Hailed by The Guardian as “a cellist of power and grace” who possesses “mature artistry and willingness to go to the brink,” three-time GRAMMY®-nominated cellist Seth Parker Woods has established his reputation as a versatile artist and innovator across multiple genres. Woods’ projects delve deep into our cultural fabric, reimagining traditional works and commissioning new ones to propel classical music into the future. As The New York Times wrote, “Woods is an artist rooted in classical music, but whose cello is a vehicle that takes him, and his concertgoers, on wide-ranging journeys.” Also at the forefront of fashion, Woods has topped the “Best Dressed” lists in Variety, Texas Monthly, and OC Register, among others. He is an honoree of the 2023 Seattle Symphony’s 25th Anniversary Silver Gala and recipient of the 2022 Chamber Music America Michael Jaffee Visionary Award. Woods has served on the faculty of the Thornton School of Music at The University of Southern California since 2022, and was appointed to the Robert Mann Chair in Strings and Chamber Music in 2024.
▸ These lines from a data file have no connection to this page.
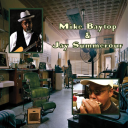 Patuxent CD-314 Mike Baytop & Jay Summerour - Digital Download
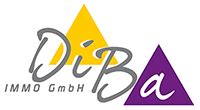 DiBa-Immo GmbH, Winterthur business-monitor.ch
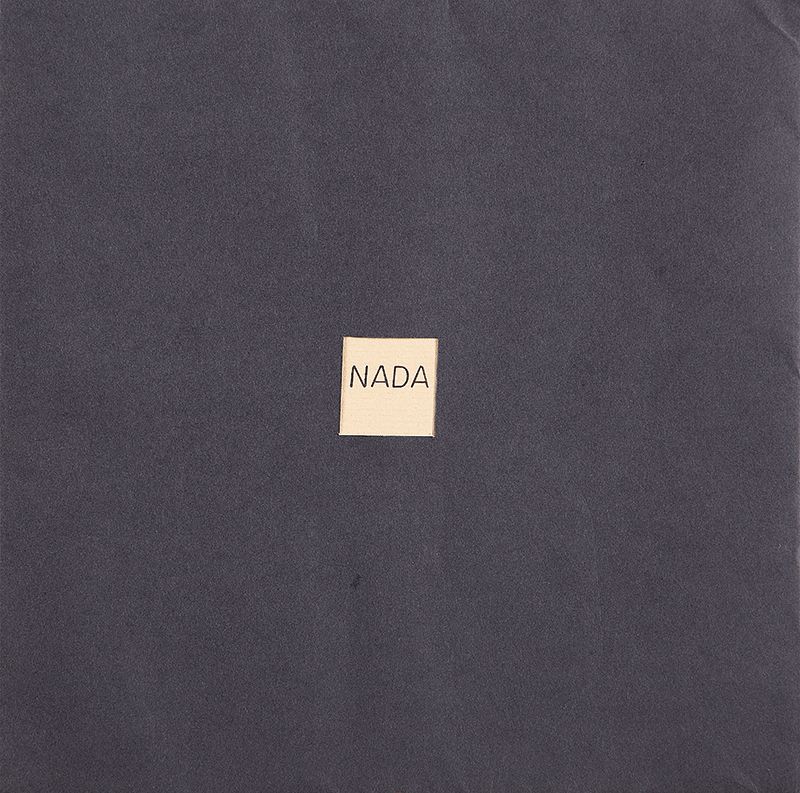 -Obra+Unica+Almandrade+,+envelope+colagem+1975,+Critica+a+violaççao+de+correspondencia.gif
Among the highlights of his 2024-2025 season, Woods performs in the world premiere of Nathalie Joachim’s new cello concerto, Had to Be, at Spoleto Festival USA. He later performs the same piece in its New York premiere as he makes his debut with the New York Philharmonic. Among his other upcoming engagements, Woods performs the East Coast premiere of Rebecca Saunders’ cello concerto Ire as 2024 Guest Artist with The Next Festival of Emerging Artists. He later makes his Los Angeles Philharmonic debut in the world premiere of a new cello concerto by Julia Adolphe. A core member of the music collective Wild Up, Woods is also a featured soloist in the fourth release of Wild Up's GRAMMY®-nominated Eastman Project: Eastman Vol. 4: The Holy Presence, an exploration of composer Julius Eastman’s works on religious themes released June 21, 2024 on New Amsterdam Records and nominated for a 2025 GRAMMY® Award for Best Classical Instrumental Solo. In a second new release due out this season on Sono Luminus Recordings, Woods is featured alongside flutist Claire Chase on a recording of music by Anna Thorvaldsdottir.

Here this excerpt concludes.